You're thinking of sodium. This reactor uses salt, which is very stable, just like the salt on your kitchen table.
The lack of any sort of driver for chemical explosions is one of the advantages of molten salt reactors over light water reactors, in which the water can split into oxygen and hydrogen and cause explosions (as we saw at Fukushima).
That's pretty cool but the guy's conclusion is that it's not a chemical explosion, it's just from the water turning to steam. But I'll concede that we shouldn't drop a molten salt reactor in a lake.
I was indeed thinking about the NaK (sodium+potassium) alloy (which is used in some molten salt reactors, but not this one). And indeed this reactor design uses LiF (Lithiumfluoride). However, LiF-based salts have the obvious drawback of their high melting points (pure LiF 840 °C, FLiBe 460 °C).
Do you have any examples of liquid-fueled reactors using NaK?

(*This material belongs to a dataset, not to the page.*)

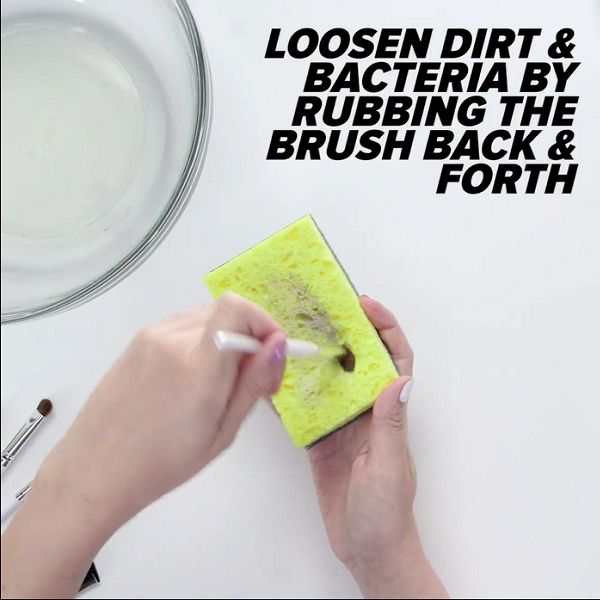 ve-sinh-co-trang-diem-bang-mieng-rua-bat-03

Some MSR companies are working on fast reactors using chloride salts, including Moltex, Elysium, and Terrapower (in a project separate from their better-known sodium-cooled fast reactor).

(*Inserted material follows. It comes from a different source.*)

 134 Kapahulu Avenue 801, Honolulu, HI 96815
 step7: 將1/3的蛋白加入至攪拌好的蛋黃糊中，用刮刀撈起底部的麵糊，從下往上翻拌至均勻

High temperature is a property of all MSRs I know of and does have some advantages, including better thermodynamic efficiency and usefulness for process heat.
The lack of any sort of driver for chemical explosions is one of the advantages of molten salt reactors over light water reactors, in which the water can split into oxygen and hydrogen and cause explosions (as we saw at Fukushima).